Kemahasiswaan Universitas – Dengan meningkatnya kompleksitas aktivitas organisasi mahasiswa, kebutuhan akan tata kelola yang jelas, akuntabel, dan selaras dengan kebijakan institusi menjadi semakin mendesak. Perguruan tinggi tidak lagi memandang organisasi mahasiswa sekadar sebagai ruang ekspresi, tetapi juga sebagai laboratorium kepemimpinan yang menuntut kepatuhan terhadap regulasi serta kedewasaan dalam pengelolaan kelembagaan. Dalam konteks tersebut, pemahaman terhadap Undang-Undang PPTA—regulasi yang mengatur mekanisme dan tata kelola organisasi mahasiswa di UIN Maulana Malik Ibrahim Malang—menjadi faktor krusial bagi keberlanjutan dan profesionalitas organisasi di tingkat kampus.
Kesadaran itu menjadi latar utama penyelenggaraan Sosialisasi Undang-Undang PPTA yang digelar pada Selasa, 3 Maret 2026 pukul 15.00 WIB di Ruang Sidang SC UIN Malang. Kegiatan yang diikuti 30 peserta dari unsur sekretaris organisasi mahasiswa intra kampus (OMIK) dan unit kegiatan mahasiswa (UKM) ini difokuskan pada pemahaman substansi regulasi serta ruang lingkup implementasinya. Narasumber Zanuar Fitri H., selaku Ketua Komisi III Senat Mahasiswa UIN Malang, memaparkan kerangka hukum dan mekanisme pengelolaan organisasi yang diatur dalam UU tersebut. Ia menegaskan bahwa forum ini merupakan tahap awal dalam membangun kesepahaman kelembagaan sebelum memasuki tahap pembahasan lebih lanjut.
Lebih dari sekadar sosialisasi, forum ini juga berfungsi sebagai ruang deliberatif bagi organisasi mahasiswa untuk menelaah kembali praktik tata kelola yang selama ini berjalan. Diskusi interaktif yang berlangsung menunjukkan adanya kebutuhan sinkronisasi antara regulasi formal dengan dinamika organisasi di lapangan. Dalam penjelasannya, Zanuar Fitri H. menyampaikan, “Sosialisasi ini menjadi langkah awal dalam menyamakan pemahaman terhadap regulasi.
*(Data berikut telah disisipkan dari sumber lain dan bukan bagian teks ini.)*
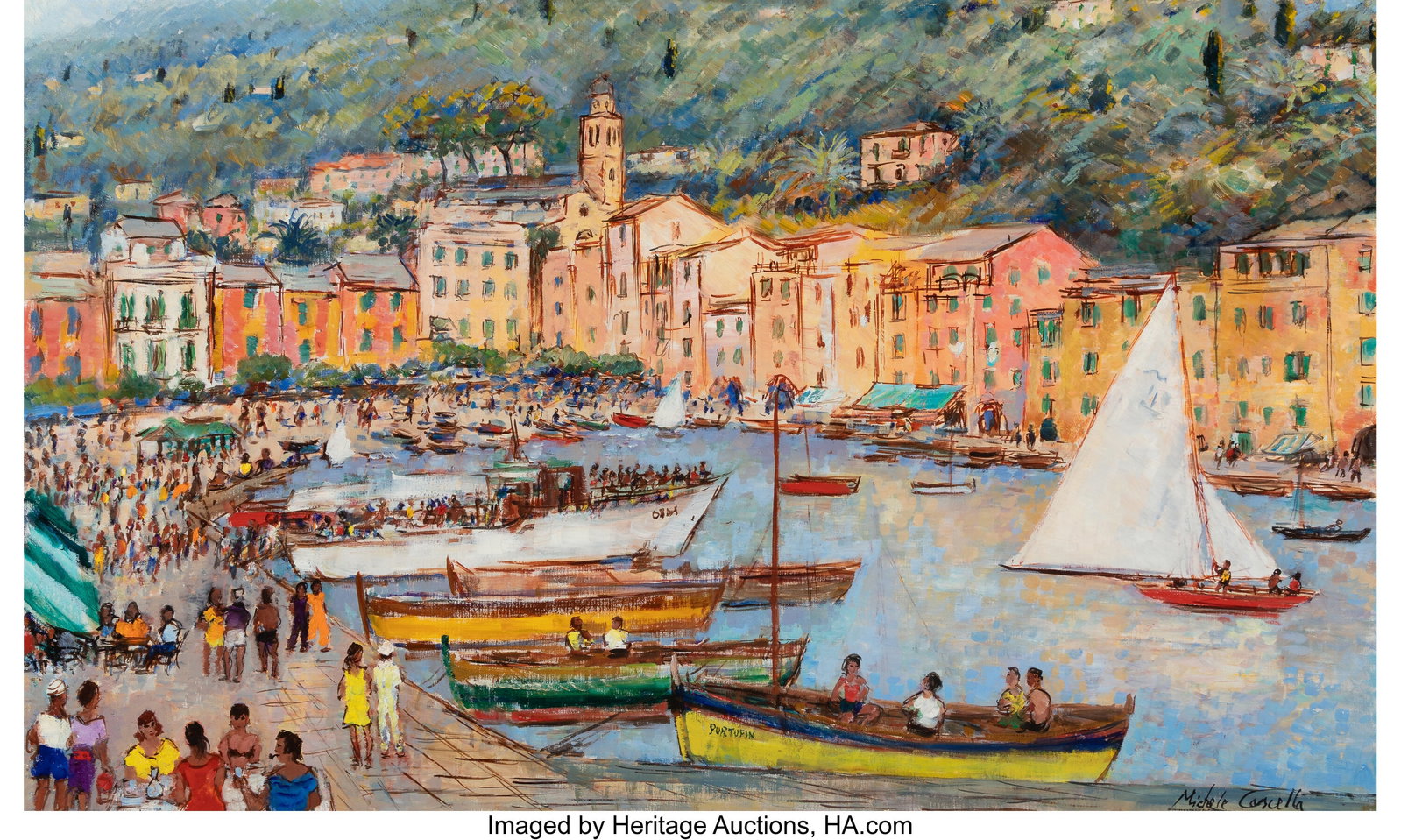 Michele Cascella (Italian, 1892-1989) Domenica p (1 of 3)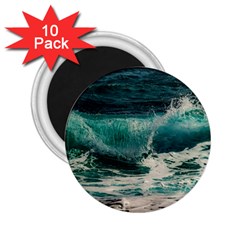 Sea Ocean Waves Seascape Beach 2 25  Magnets (10 Pack)  by danenraven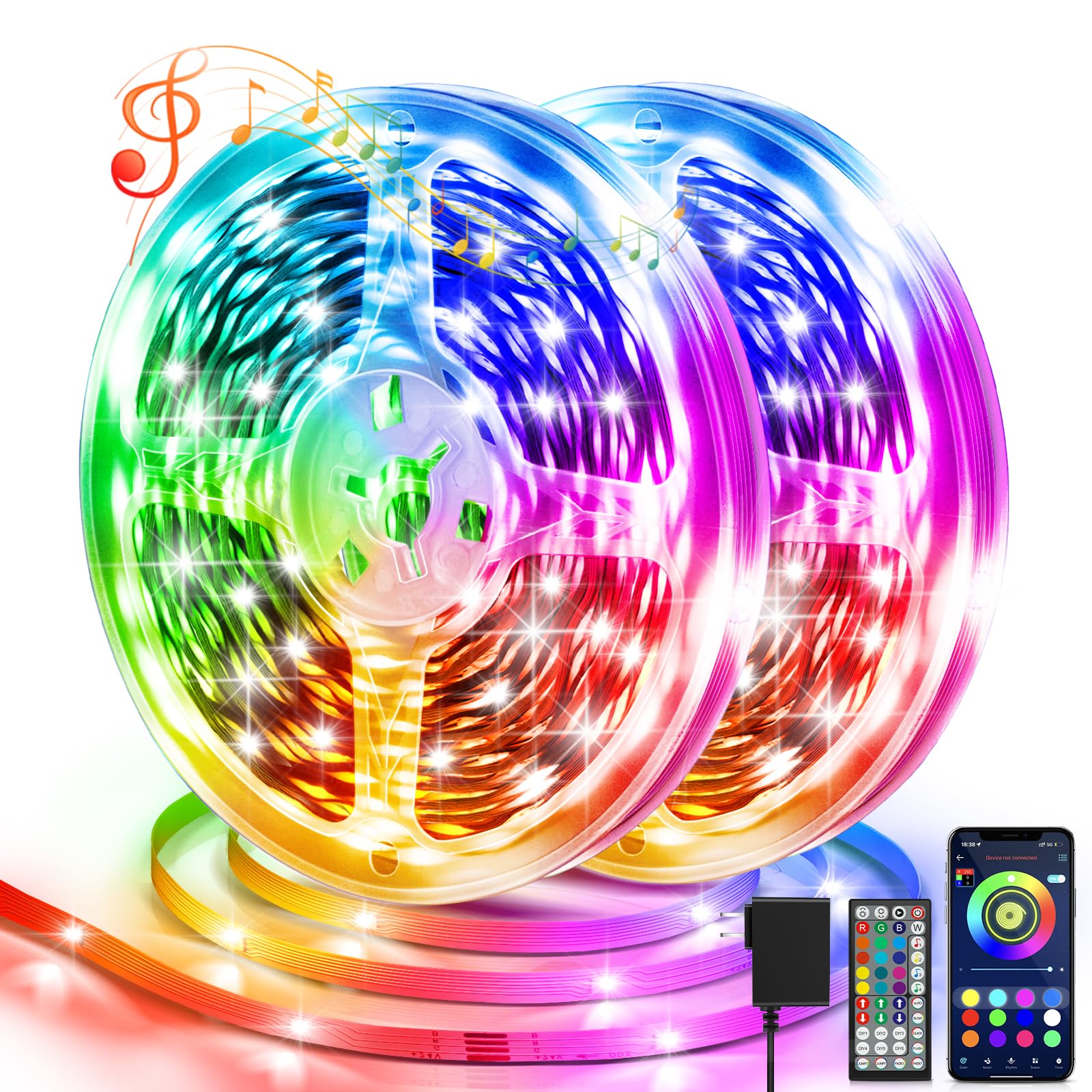 Striscia LED RGB 2*15M Bluetooth APP Controllato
Ke depan, forum lanjutan akan dibuka untuk menerima masukan serta melakukan penyempurnaan UU PPTA agar lebih adaptif dan aplikatif.” Pernyataan ini menegaskan bahwa regulasi organisasi mahasiswa tidak bersifat statis, melainkan harus terus disesuaikan dengan kebutuhan dan perkembangan ekosistem kemahasiswaan.
Kepala Pusat Kemahasiswaan Universitas menilai bahwa pemahaman regulasi seperti UU PPTA merupakan fondasi penting dalam membangun organisasi mahasiswa yang sehat dan profesional. Ia menegaskan bahwa universitas mendorong organisasi mahasiswa untuk tidak hanya aktif secara kegiatan, tetapi juga mampu menjalankan tata kelola yang transparan, tertib administrasi, serta selaras dengan arah kebijakan kelembagaan. Menurutnya, forum dialog antara Senat Mahasiswa dan pengurus organisasi merupakan langkah strategis untuk memastikan regulasi yang disusun benar-benar implementatif di tingkat operasional.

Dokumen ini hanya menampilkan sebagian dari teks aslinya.